The Goodwill Industries Building is a former knitting factory in Milwaukee, Wisconsin where Oliver and Robert Friedman developed innovative rehab programs for the blind and mentally handicapped in the 1930s and 40s. The building was added to the National Register of Historic Places in 2004.

==History==
The Van Dyke Knitting Company was a producer of "fine grade" ribbed underwear, founded in 1885 by a family of prominent Milwaukee lawyers, with a factory on S. Water Street. In 1913 the company built the four-story mill building, designed by Herman J. Esser. Over the years they added on, assembling most of the current complex by 1925. In the 1930s the company moved its manufacturing operation from Milwaukee to McComb, Mississippi.

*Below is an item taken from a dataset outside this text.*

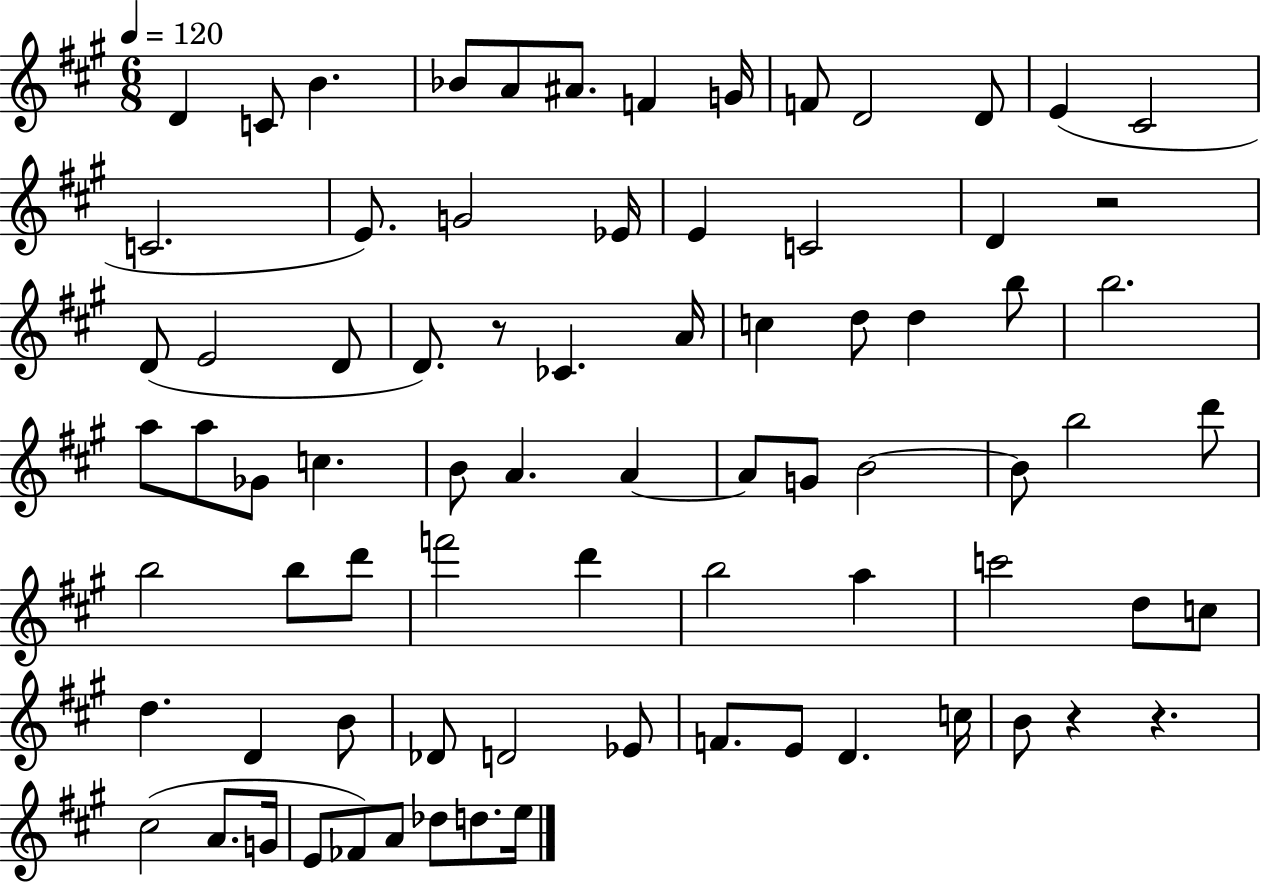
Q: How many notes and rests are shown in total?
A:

Goodwill Industries bought the factory in Milwaukee the following year. Goodwill had started in 1902 as a mission project of Dr. Edgar J. Helms, a Methodist minister in South Boston. Helms aimed to provide training and employment for the disadvantaged and disabled. In 1910 his operation expanded from Boston nationwide. After 1915 the organization assumed the name 'Goodwill.'

Milwaukee Goodwill Industries was formed in 1917. Helms appointed Oliver Friedman executive secretary of the Milwaukee organization in 1921. Friedman built the organization to nearly a hundred by the mid-1930s. Milwaukee Goodwill had outgrown the vacant church it was operating from when the Van Dyke complex became available, and bought Van Dyke's plant in 1936. Over the years, Friedman developed the idea that Goodwill could provide more than employment. He envisioned the organization developing seven aspects of rehabilitation: physical rehab, mental and emotional rehab, spiritual guidance, vocational guidance and training, educational guidance, economic rehab, and social adjustment. In 1937 and '38 he started an Occupational Therapy Department within the Milwaukee Goodwill - the first such venture in any rehab organization in the U.S. In 1938 Friedman succeeded Helms as head of Goodwill Industries nationwide. During WWII the organization led salvage drives and fundraising efforts.

Robert Friedmann, Oliver's son, was named managing director of the Milwaukee unit in 1942. He pioneered jobs for blind and mentally handicapped people, connecting them with local companies that needed packing and assembly. He also started providing personal counselors who coordinated services customized for each worker.

In 1963 Goodwill moved to 6055 North 91st Street. Brill Bros. manufactured clothes in the plant until the late 1990s. In 2003 the building was converted to apartments.